* Materials provided:

◇ ◇ ◇ ◇

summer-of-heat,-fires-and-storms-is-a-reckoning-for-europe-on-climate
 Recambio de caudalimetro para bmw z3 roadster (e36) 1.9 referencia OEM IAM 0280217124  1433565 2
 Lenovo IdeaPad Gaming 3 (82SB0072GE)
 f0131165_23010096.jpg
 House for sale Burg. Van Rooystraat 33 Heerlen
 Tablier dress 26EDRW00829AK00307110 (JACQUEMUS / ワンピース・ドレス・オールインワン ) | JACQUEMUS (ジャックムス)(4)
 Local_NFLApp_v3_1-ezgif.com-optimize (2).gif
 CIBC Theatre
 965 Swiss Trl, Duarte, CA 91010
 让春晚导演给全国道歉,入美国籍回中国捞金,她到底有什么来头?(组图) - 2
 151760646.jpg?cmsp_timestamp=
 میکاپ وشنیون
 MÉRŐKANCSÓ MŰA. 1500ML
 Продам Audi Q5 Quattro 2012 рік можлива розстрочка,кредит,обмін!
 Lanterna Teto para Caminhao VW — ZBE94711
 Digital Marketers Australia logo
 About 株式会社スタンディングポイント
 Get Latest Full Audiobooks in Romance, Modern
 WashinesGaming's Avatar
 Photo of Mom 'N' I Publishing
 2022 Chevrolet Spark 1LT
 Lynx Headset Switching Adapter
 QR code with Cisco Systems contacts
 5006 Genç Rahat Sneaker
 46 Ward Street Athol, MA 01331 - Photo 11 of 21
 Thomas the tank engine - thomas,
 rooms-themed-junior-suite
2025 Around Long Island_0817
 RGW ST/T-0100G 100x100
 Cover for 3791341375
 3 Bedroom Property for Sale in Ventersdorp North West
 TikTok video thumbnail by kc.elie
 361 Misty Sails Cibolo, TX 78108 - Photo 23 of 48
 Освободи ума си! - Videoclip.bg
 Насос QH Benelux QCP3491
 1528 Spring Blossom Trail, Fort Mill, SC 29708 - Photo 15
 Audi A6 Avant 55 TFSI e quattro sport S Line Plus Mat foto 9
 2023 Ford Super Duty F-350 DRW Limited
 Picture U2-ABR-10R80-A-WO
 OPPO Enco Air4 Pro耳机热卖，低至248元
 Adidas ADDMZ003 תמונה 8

◇ ◇ ◇ ◇

* Problem statement:
Your output should be an exact transcription of the line that holds "3 Bedroom Property" and each line after it through the end of the listing above.

* Expected output:
 3 Bedroom Property for Sale in Ventersdorp North West
 TikTok video thumbnail by kc.elie
 361 Misty Sails Cibolo, TX 78108 - Photo 23 of 48
 Освободи ума си! - Videoclip.bg
 Насос QH Benelux QCP3491
 1528 Spring Blossom Trail, Fort Mill, SC 29708 - Photo 15
 Audi A6 Avant 55 TFSI e quattro sport S Line Plus Mat foto 9
 2023 Ford Super Duty F-350 DRW Limited
 Picture U2-ABR-10R80-A-WO
 OPPO Enco Air4 Pro耳机热卖，低至248元
 Adidas ADDMZ003 תמונה 8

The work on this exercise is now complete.